Dalam erupsi yang eksplosif, terbentuk endapan piroklastik, sedang dalam
erupsi efusif terbentuk aliran lava. Secara garis besar ada tiga
tipe/jenis erupsi yaitu: Hawaiian, Strombolian dan Vulkanian. Istilah
tipe hawaiian diambil dari kata Hawaii, pulau vulkanik di tengah
samudera Pasifik yang mempunyai gunung dengan tipe erupsi khas hawaiian.

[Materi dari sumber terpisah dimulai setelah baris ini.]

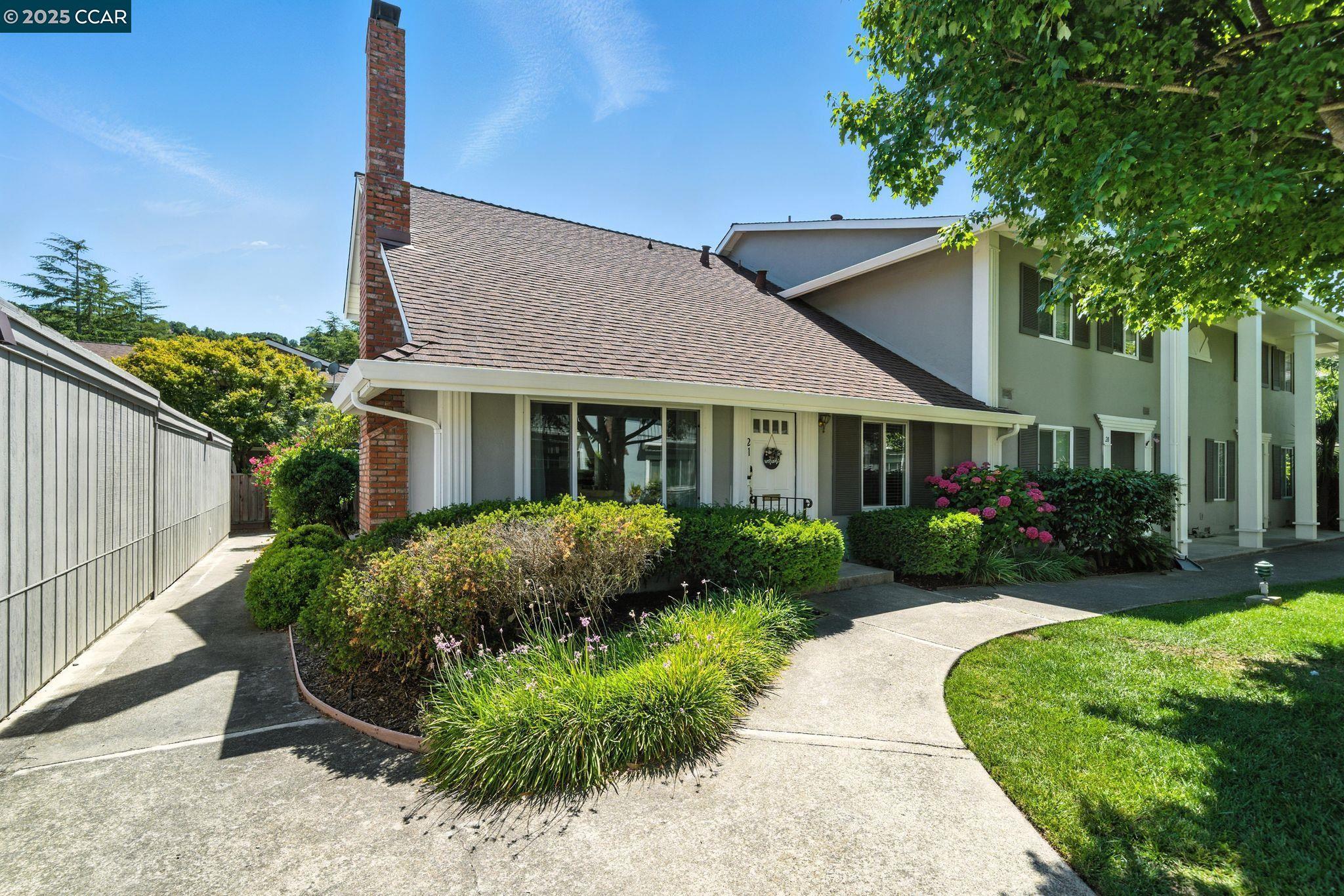 Property Photo: 21 Miramonte Dr CA 94556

Dinamika erupsi tipe hawaiian dicirikan dengan adanya erupsi lava cair
berasal dari kawah dalam waktu cukup lama. Lava yang membentuk erupsi
tipe hawaiian ini berjenis basalt. Dari bentuk fisiknya, gunung yang
bertipe erupsi hawaiian mempunyai bentuk perisai, dalam arti bahwa diam
tubuh gunung jauh lebih besar dari tinggi gunung.
Istilah
tipe strombolian diambil dari kata Stromboli, nama gunungapi di pulau
Stromboli Italia yang terletak di Laut Thyrene, Mediterania. Erupsi
jenis strombolian dicirikan dengan erupsi-erupsi kecil dari gas dan
fragmen-fragmen atau serpihan magma. Material yang diletuskan jatuh
kembali ke dalam kawah atau di sekitar bibir kawah. Pada saat terjadi
erupsi yang lebih besar, lava mengalir ke lereng di sekitarnya. Secara
umum suatu gunungapi disebut bertipe strombolian apabila dalam suatu
erupsi material padat yang terhamburkan kurang lebih setara dengan
material yang mengalir sebagai aliran lava. Gunungapi tipe strombolian
mempunyai kawah, biasanya berbentuk lingkaran. Tubuh dan lereng gunung
tersusun dari batuan skoria hasil lontaran saat erupsi.
Istilah
tipe vulkanian berasal dari nama gunung Vulcano yang terletak di
kepulauan Lipar Italia. Erupsi bersifat eksplosif dengan tingkat
eksplosivitas dari lemah ke katastropik. Magma yang membentuk erupsi
tipe vulkanian bersifat antara basa dan asam (dari andesit ke dasit).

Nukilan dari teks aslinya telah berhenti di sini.